Devenny worked in STEM occupations for seven years, two as a research associate and five as a development scientist, before committing to being an educator.
“In elementary school and even into middle school, girls are really just as interested as boys in the STEM sciences,” Devenny said. “Something happens when they reach high school and they decide that’s not what they are going to do when they go to college.”
While many say progress is being made on the matter, the idea of Women in STEM careers hasn’t been an easy notion to embrace.
“Someone defaced a poster, replacing ‘STEM’ with ‘kitchen’, so it read ‘Women in the kitchen.’” Edwards said. “It didn’t really bother me though because I knew that’s what we were going up against.”
Despite negative feedback, Edwards said she is optimistic and for good reason.

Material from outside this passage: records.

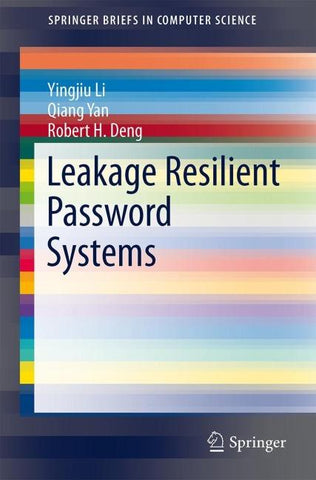 Leakage Resilient Password Systems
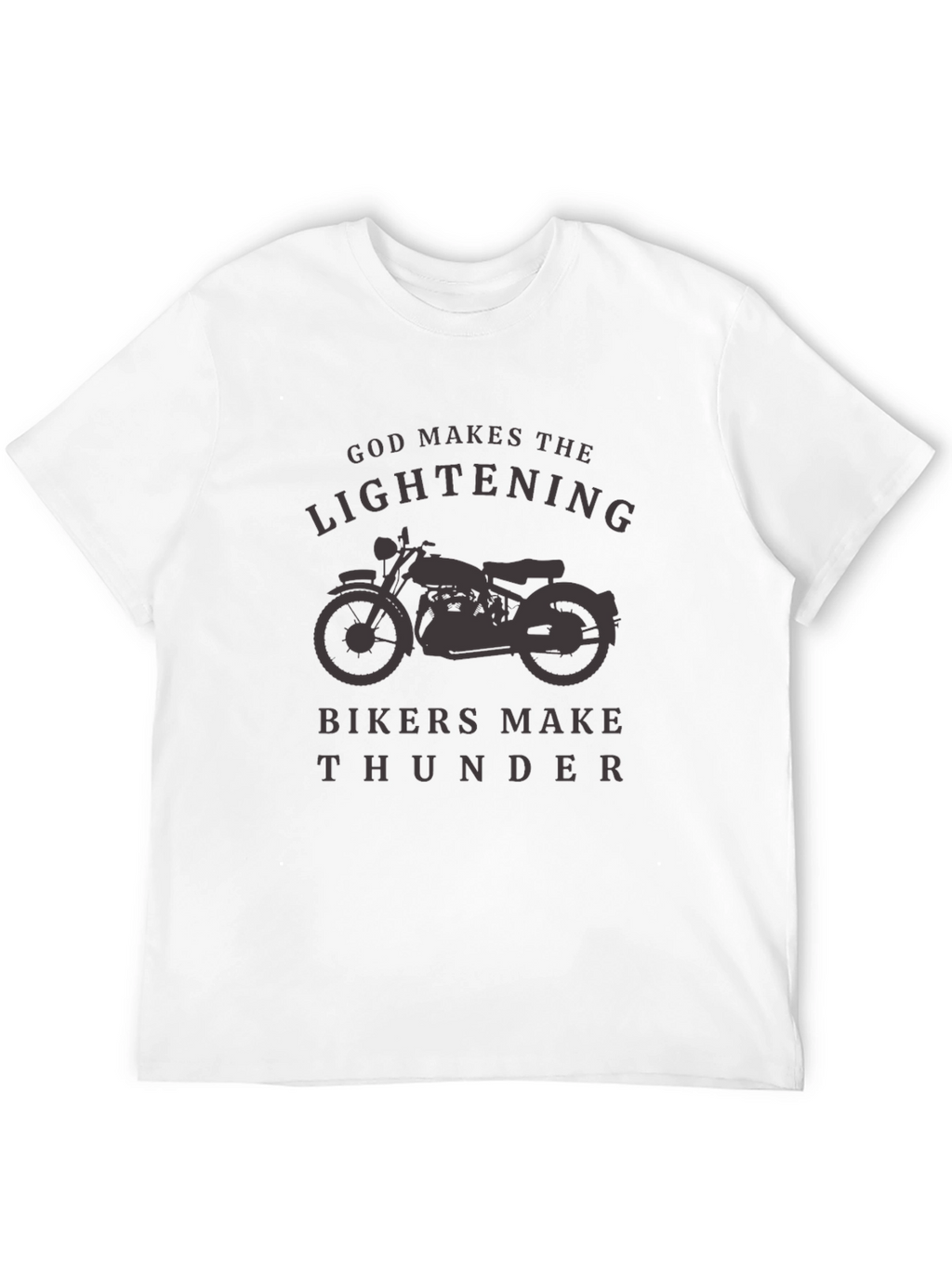 God Makes Lightning Bikers Make Thunder T-Shirt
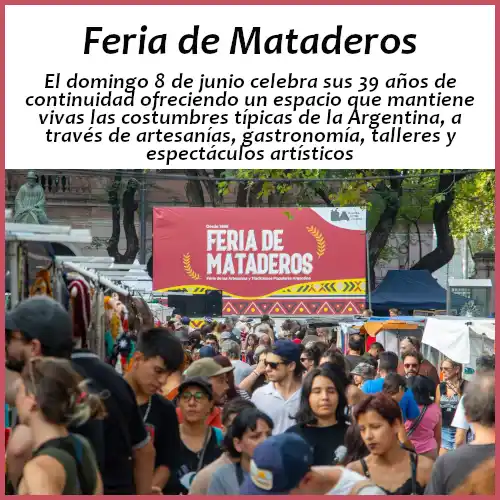 Image from Barriada: El 8/6 la Feria de Mataderos festeja su 39 cumpleaños La tradición es...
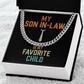 Funny Son-in-Law Cuban Chain Gift – My Son-in-Law Is My Favorite Child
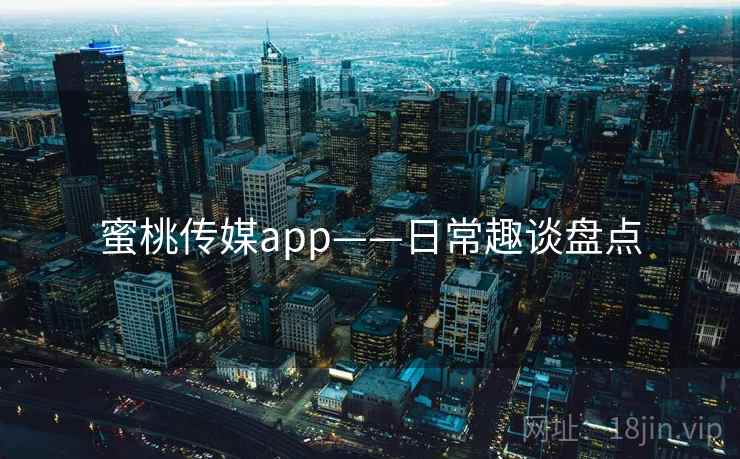 蜜桃传媒app——日常趣谈盘点
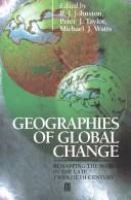Geographies of global change : remapping the world in the late twentieth century /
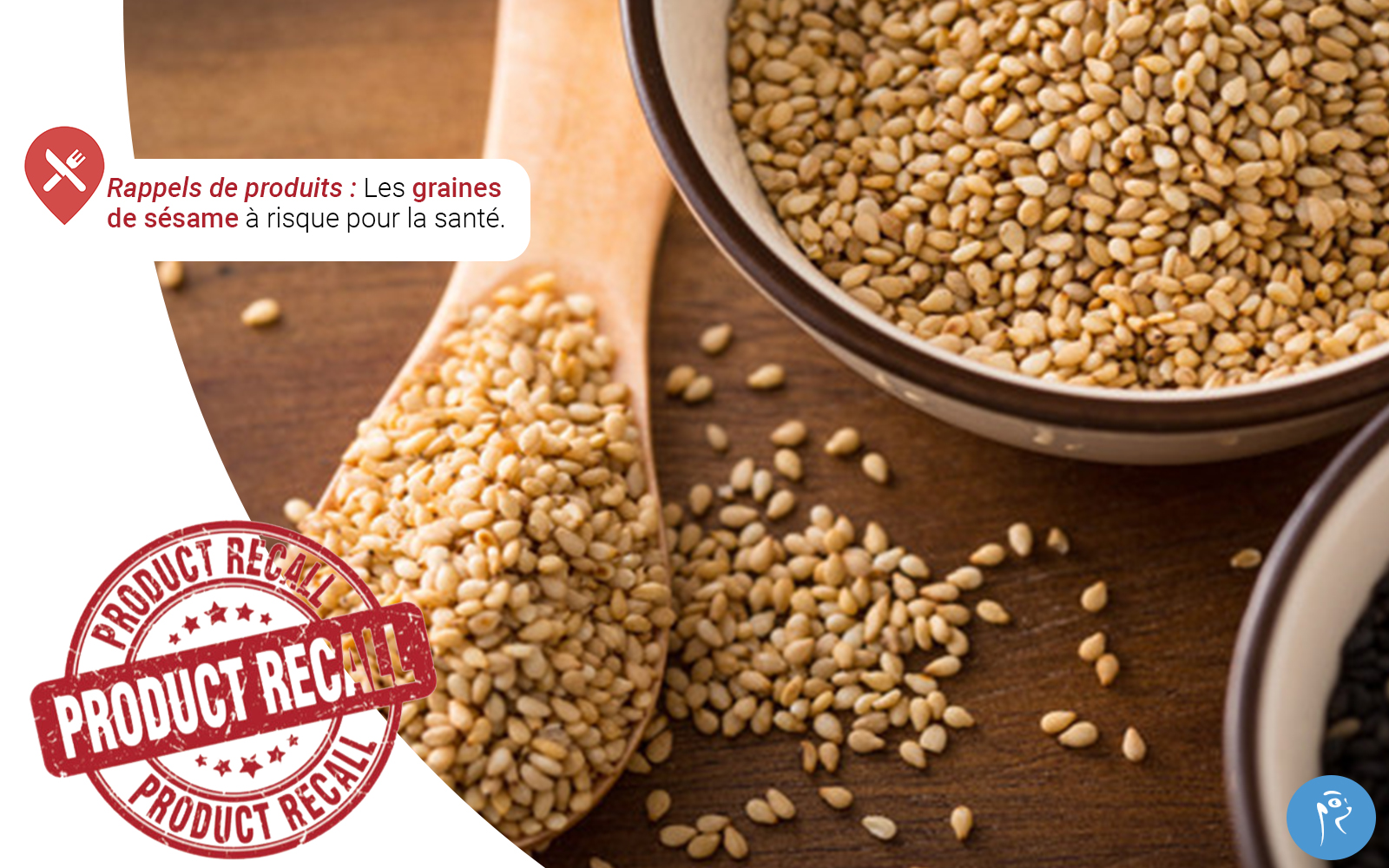 Sesame seeds at risk for health: product recall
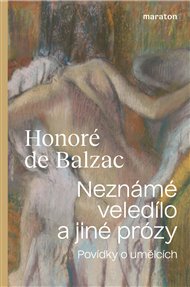 Neznámé veledílo a jiné prózy: Povídky o umělcích - Honoré de Balzac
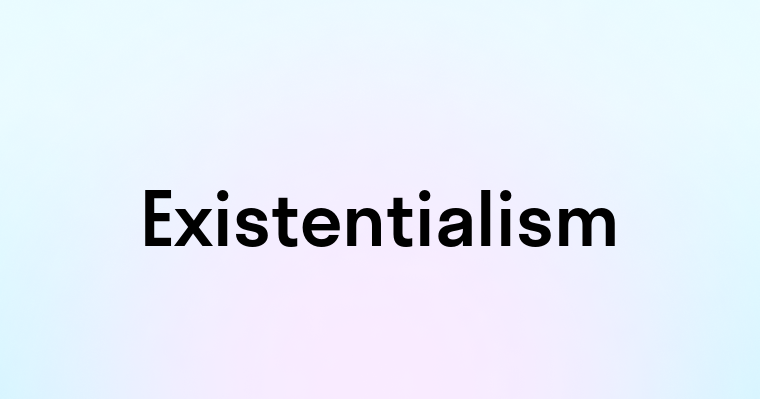 Existentialism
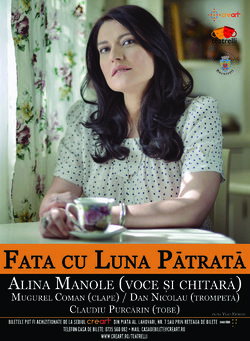 Fata cu Luna Patrata - concert Alina Manole, 1 noiembrie, Bucuresti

While women are comparatively underrepresented in STEM fields, the number of STEM degrees awarded to women has been climbing slowly but consistently, according to AAUDE reports.
Studies show that more women are graduating with doctorates in STEM now than ever before; 36.6 percent of STEM doctorate degrees were awarded to women in 2010, up from 31.2 percent in 2003.
In the 1940’s, Howard Miller created the “We Can Do It!” poster that has become popularized in the 1980’s as a symbol of progressive movements in the advancement of gender diversity in the workplace. For some, Edwards’s efforts evoke the sentiments of the iconic slogan.
“We can do it,” Edwards added. “We can do more.”